Psychology uses the term ‘flow’ to describe a state of complete focus, involvement, and success. I’d consider a game with good ‘feel’ to be one that is effective at having the player enter a state of flow. This supports most of the ideas proposed in the Reddit comments; poor controls or feedback will break immersion or prevent it in the first place. Wikipedia lists ten factors that the psychologist Csíkszentmihályi defined as all contributing to flow:
- Clear goals
- Concentrating
- A loss of the feeling of self-consciousness
- Distorted sense of time
- Direct and immediate feedback
- Balance between ability level and challenge
- A sense of personal control
- The activity is intrinsically rewarding
- A lack of awareness of bodily needs (to the extent that one can reach a point of great hunger or fatigue without realizing it)
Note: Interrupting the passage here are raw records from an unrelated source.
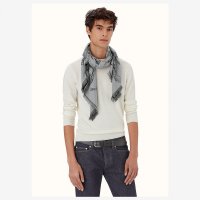 caducee-rock-scarf-100--582927T 04-worn.jpg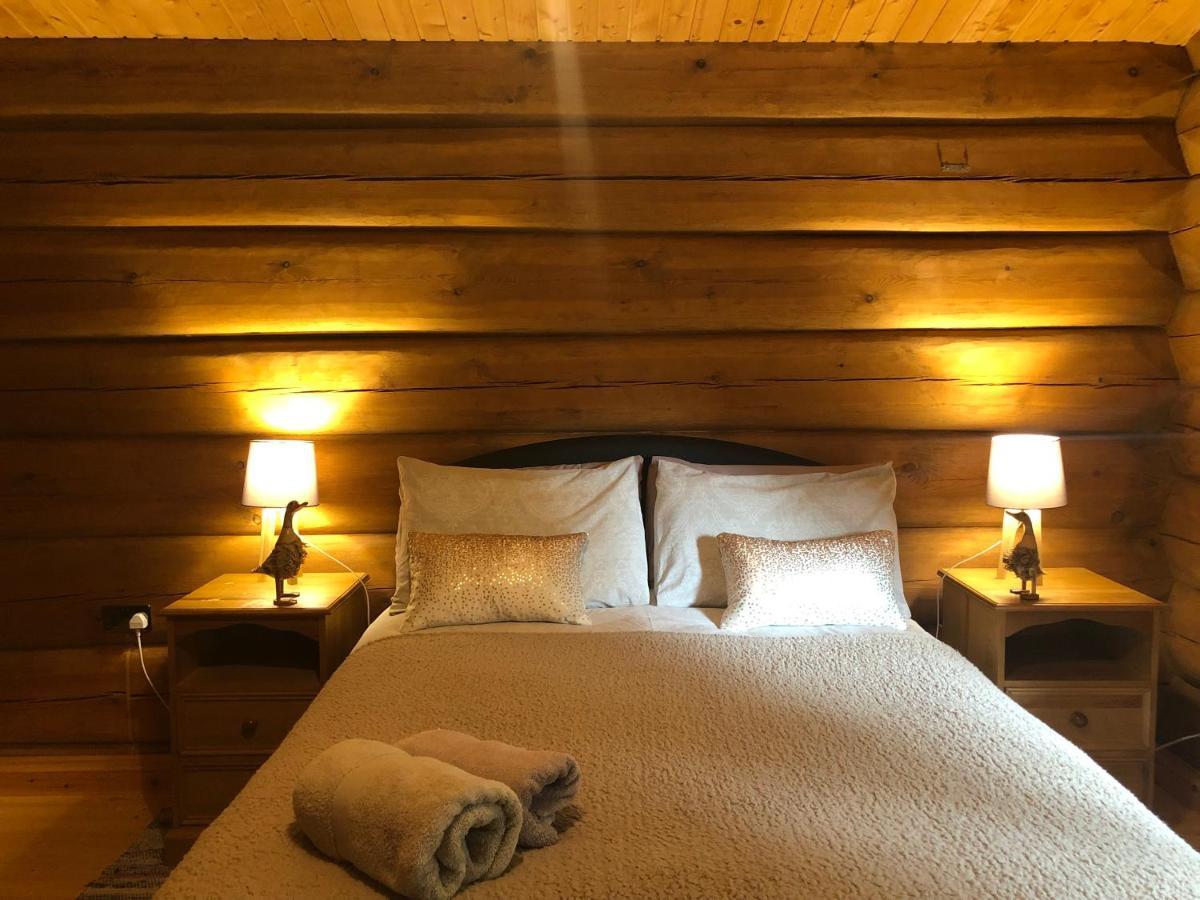 Log Home Village Ulverston Bagian luar foto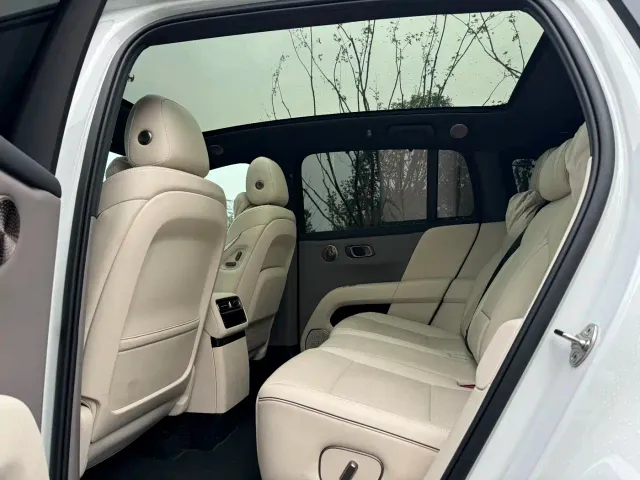 Li Auto i6 — Фото автомобиля 11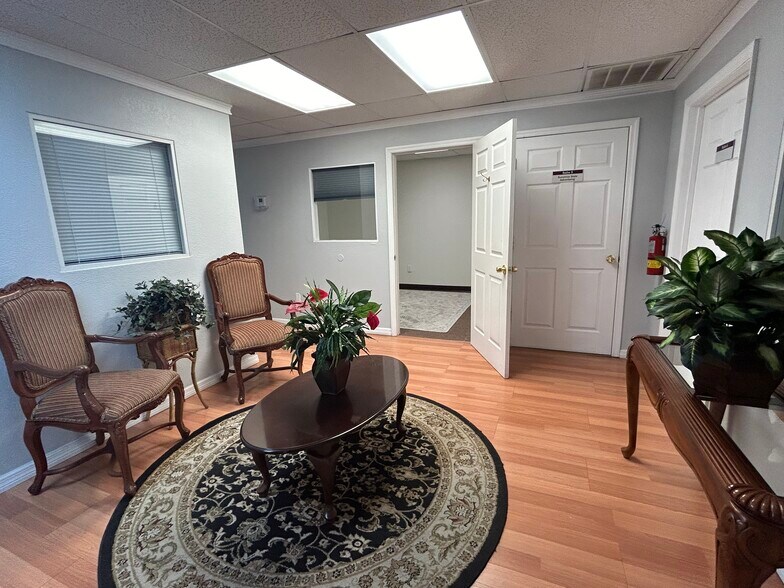 More Photos Of 4707 W Gandy Blvd, Tampa Storefront Retail Office For Lease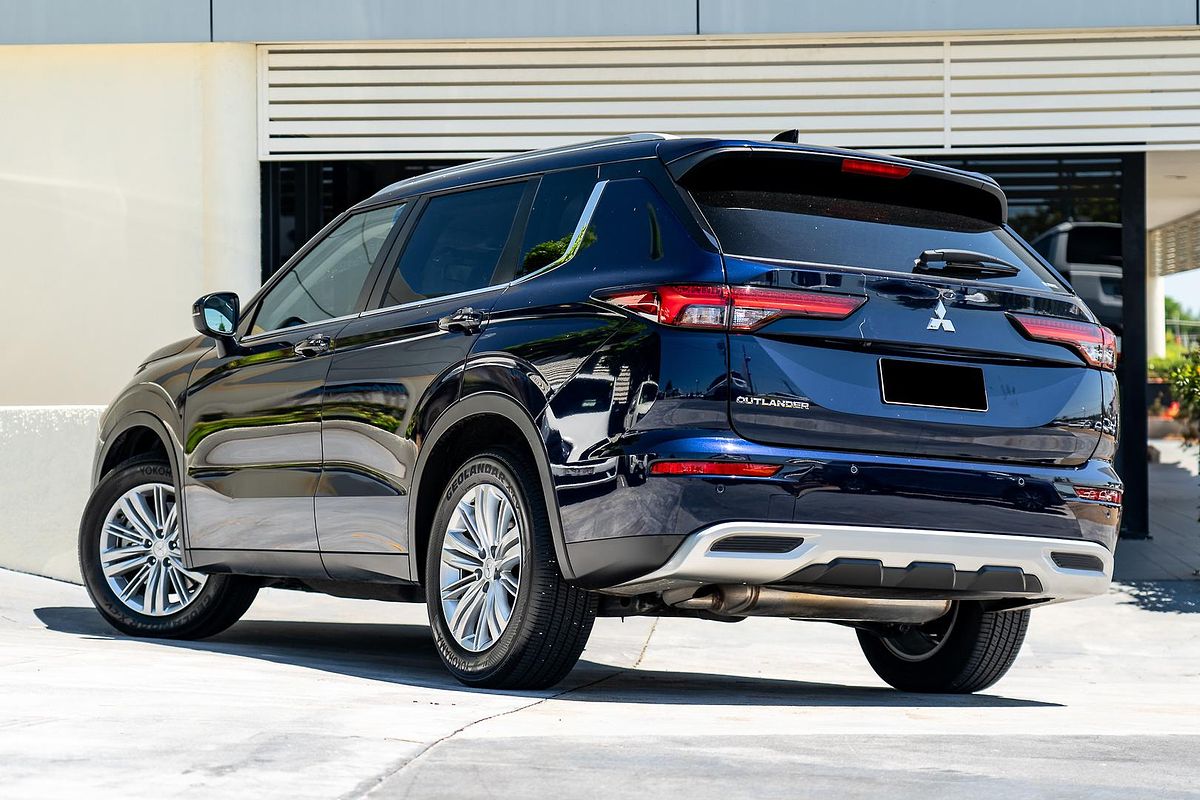 2023 Mitsubishi Outlander LS ZM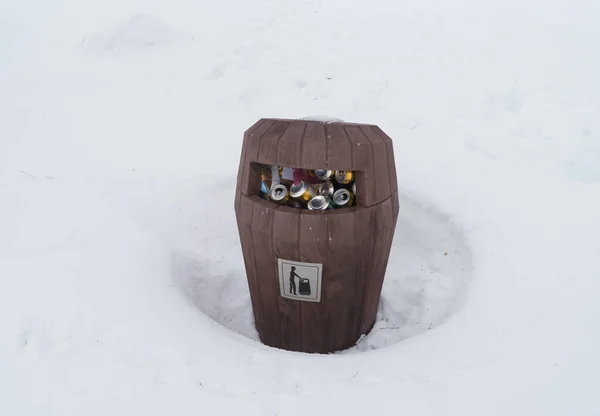 Norbotten Suecia Febrero 2020 Cubo Lleno Polvo Con Latas Cerveza — Foto de Stock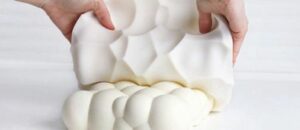 Fab Lab The Bubbles with exotic fruit Dinara Kasko 2016. 403x174 1 300x130 Fab Lab Estudiar en Universidad Privada Madrid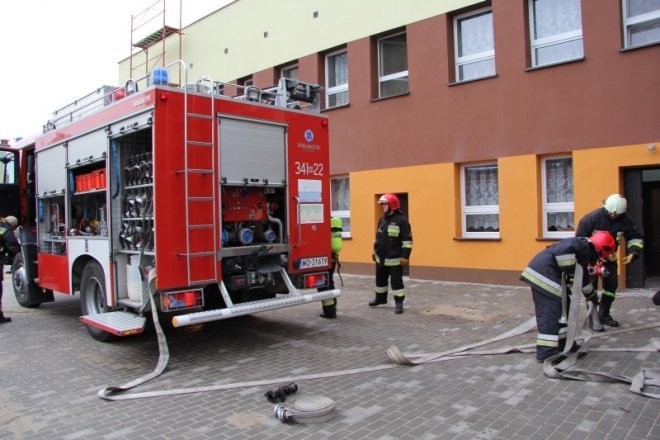 Zakażenie wąglikiem i pożar w Przedszkolu Miejskim nr 17 [20 IX 2012] - zdjęcie #42 - eOstroleka.pl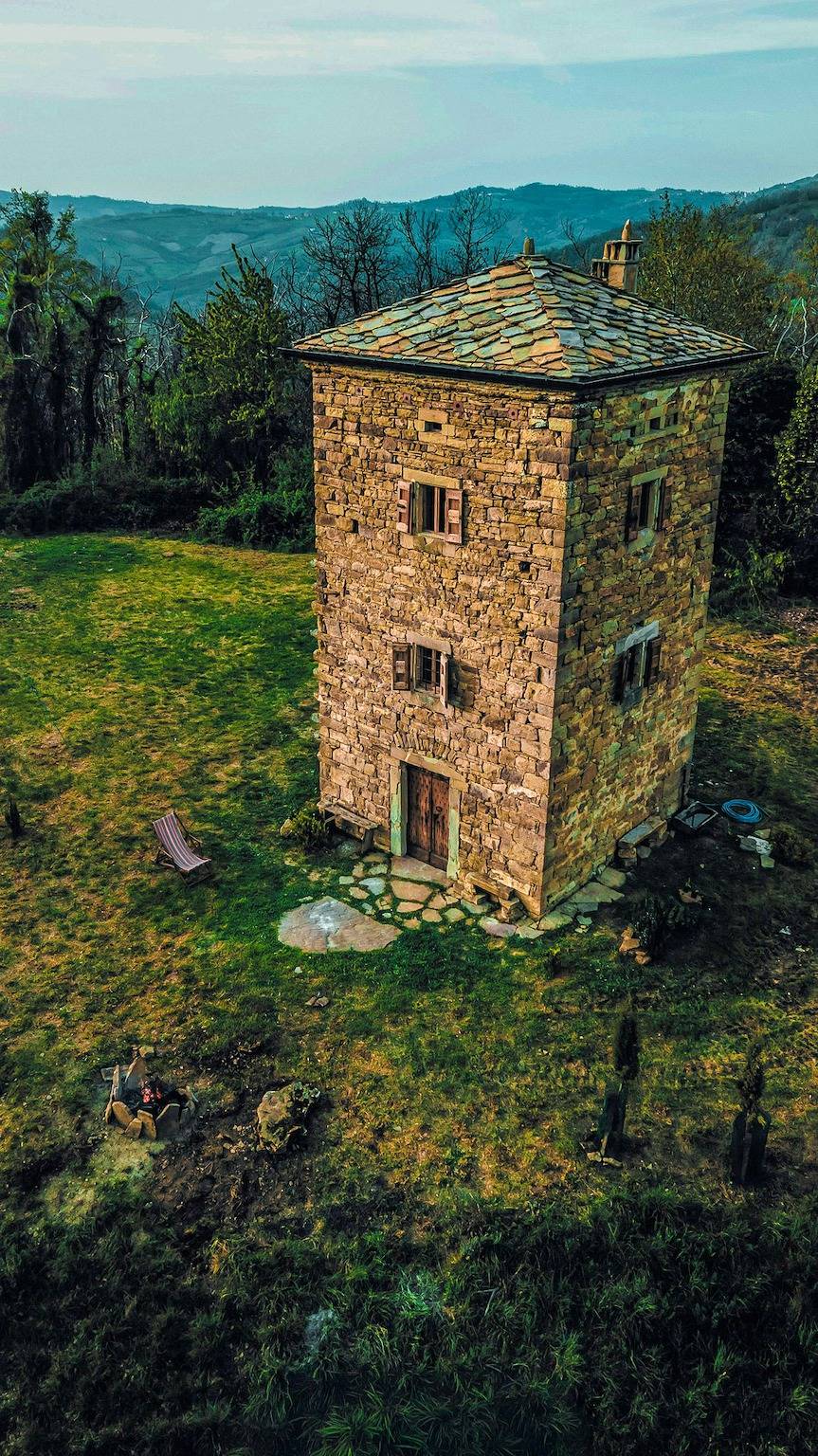 Turm aus dem 15. Jahrhundert mit Sauna im Apennin in Polinago, Modena Provinz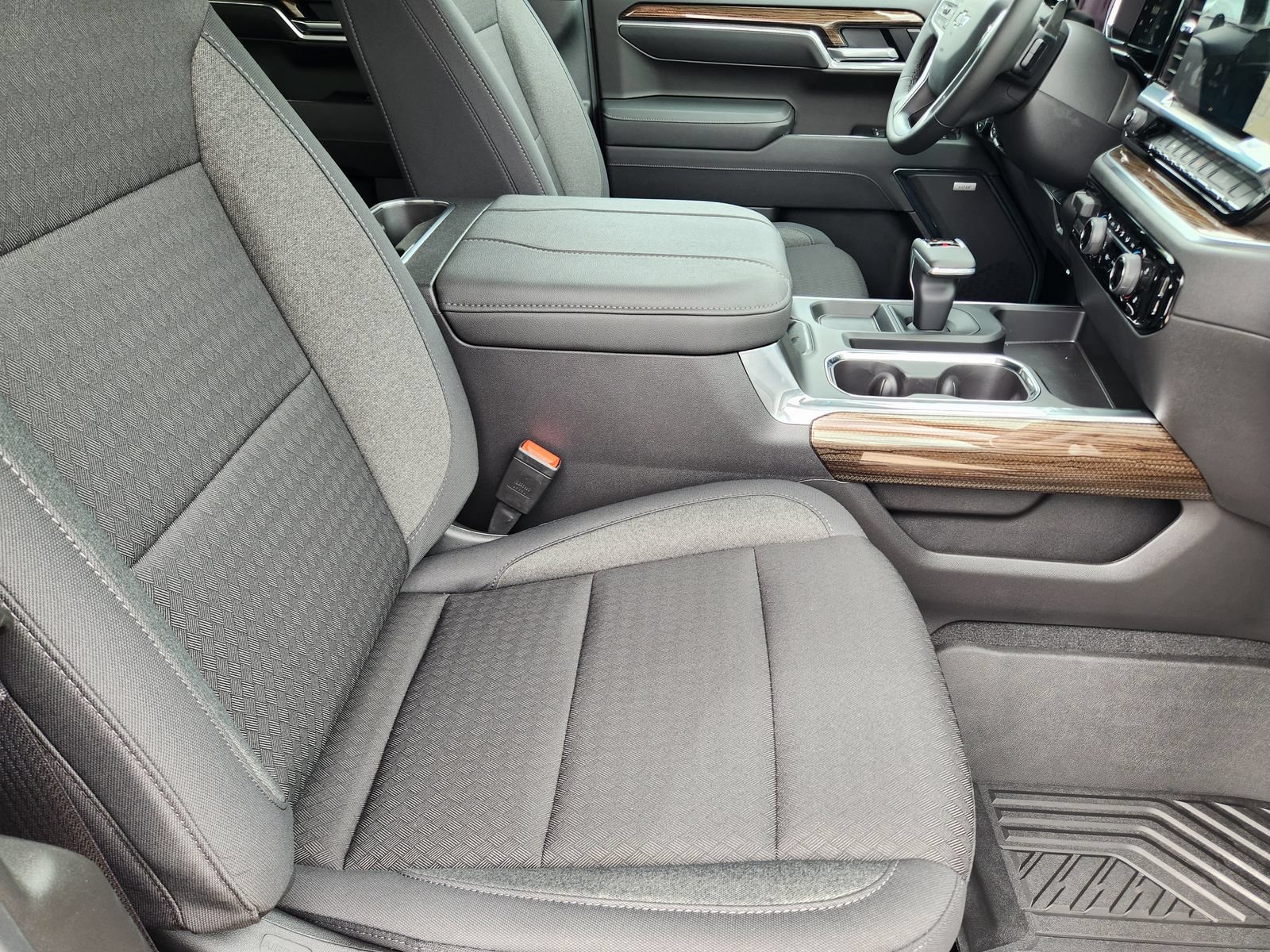 New 2026 Chevrolet Silverado 1500 LT Trail Boss w/ Convenience Package II AWD/4WD image 14
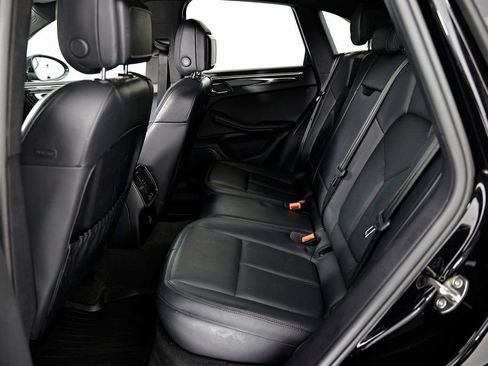 Used 2023 Porsche Macan Turbo image 28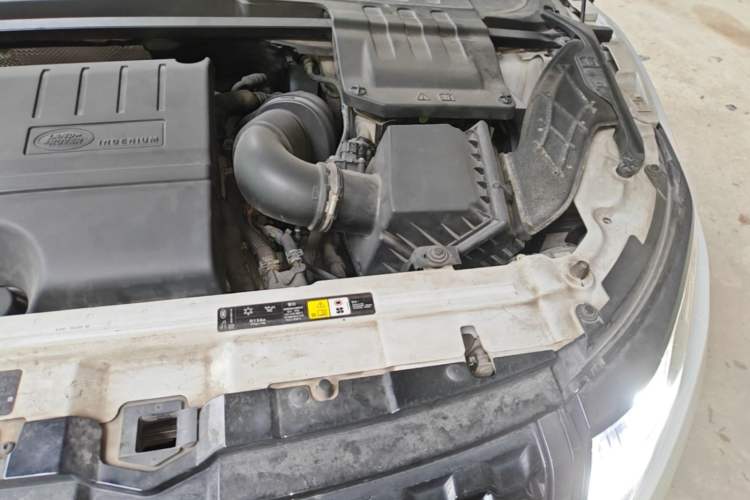 Used Land Rover Range Evoque 2018 240 PS HSE DYNAMIC All-Wheel Drive Edition Engine Bay Left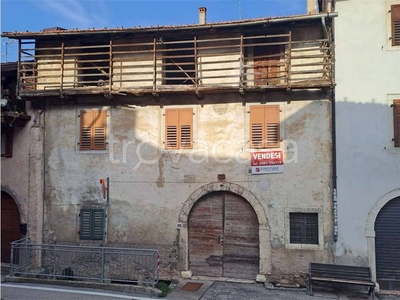 Casa Indipendente in vendita a Trento via Vegiara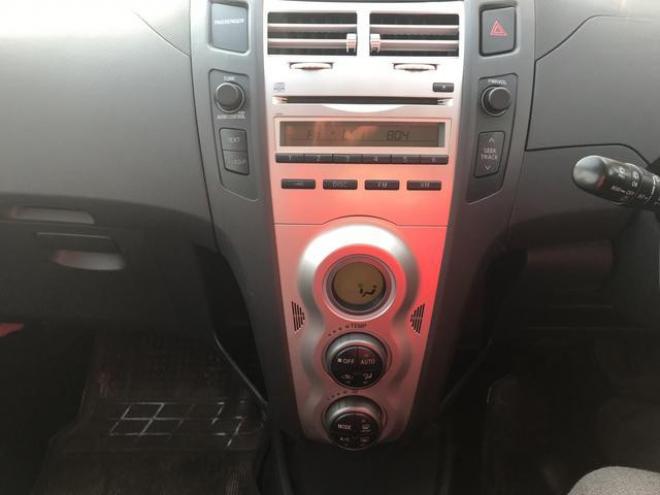 Ｕ　４ＷＤ　スマートキー　ＥＴＣ　エンジンスターター 4WD 1300 5Dr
- Absorption into the activity, narrowing of the focus of awareness down to the activity itself, action awareness merging.
You could be forgiven for thinking this was a list of requirements for a great video game! All these things contribute to that sense of being in the zone, when you feel unnaturally able to get headshots in Counter-Strike or perfectly drift corners three corners in a row, to when you truly feel you are in the game rather than controlling the game.